(Description of the task)
Skip the pictures. Quote every line below, exactly, from the one with "STHOR WELD. PRILBA" through the final line.

(Stored data)
-*-
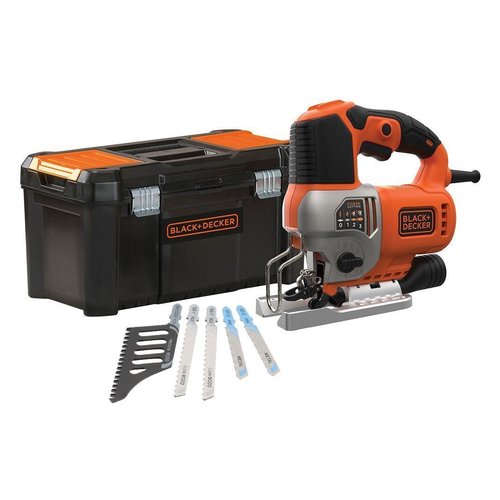 Black &amp; Decker con valigetta e 5 lame Seghetto alternativo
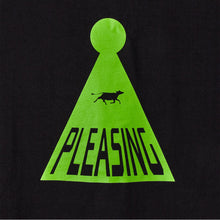The Abducted Cow Tee | Black & Neon Green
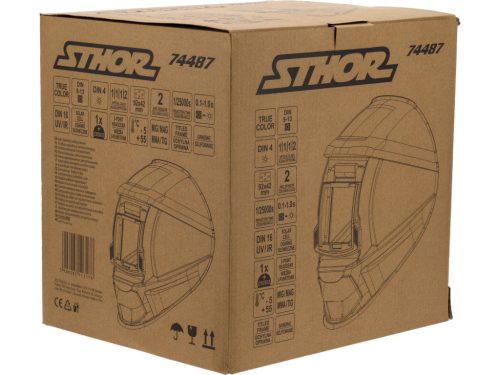 STHOR WELD. PRILBA TRUE COLOR ODKLÁDACÍ ADF (74487)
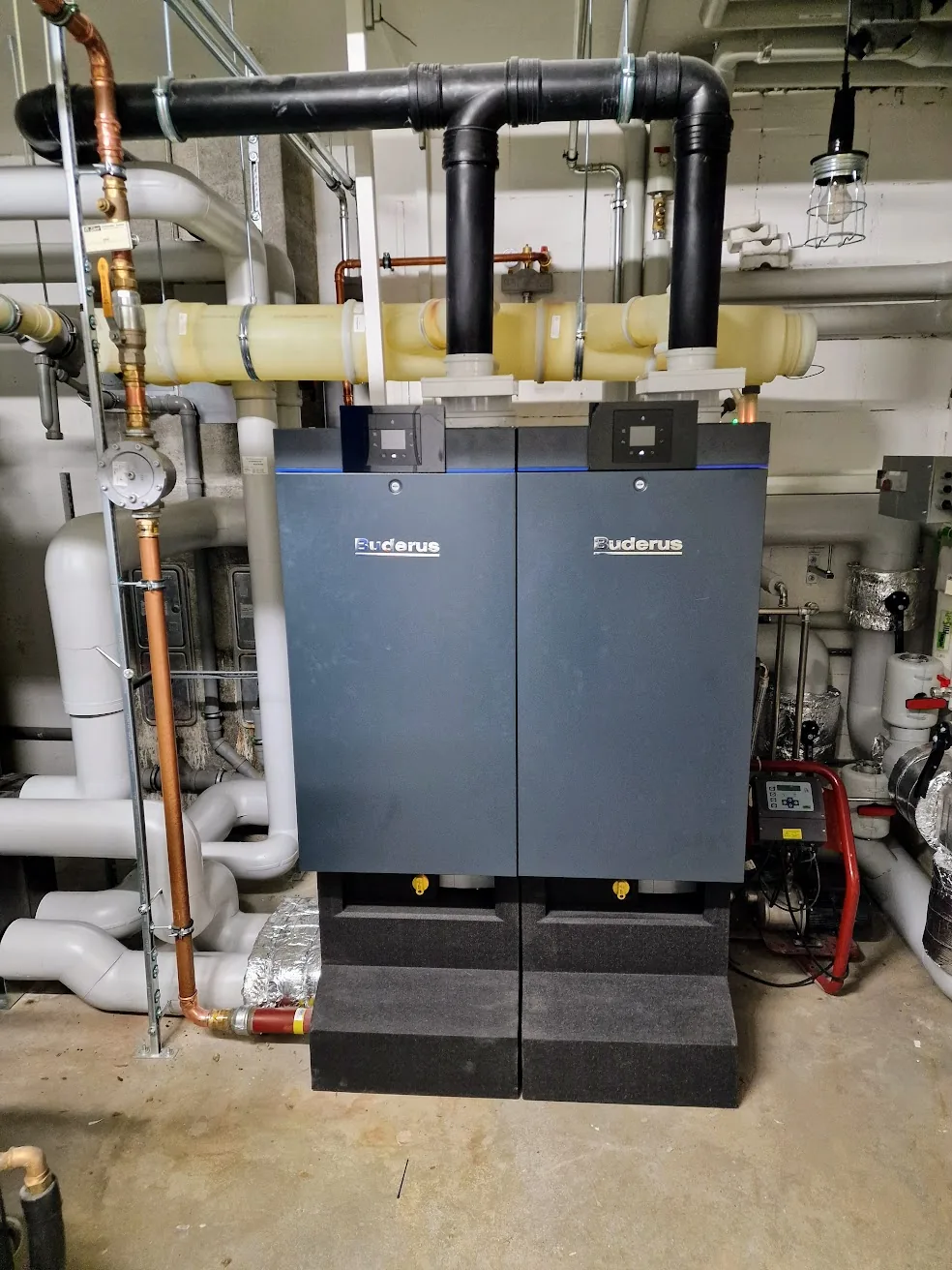 Wärmeanlage in einem Seniorenheim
-*-
(Reply to the task)
 STHOR WELD. PRILBA TRUE COLOR ODKLÁDACÍ ADF (74487)
 Wärmeanlage in einem Seniorenheim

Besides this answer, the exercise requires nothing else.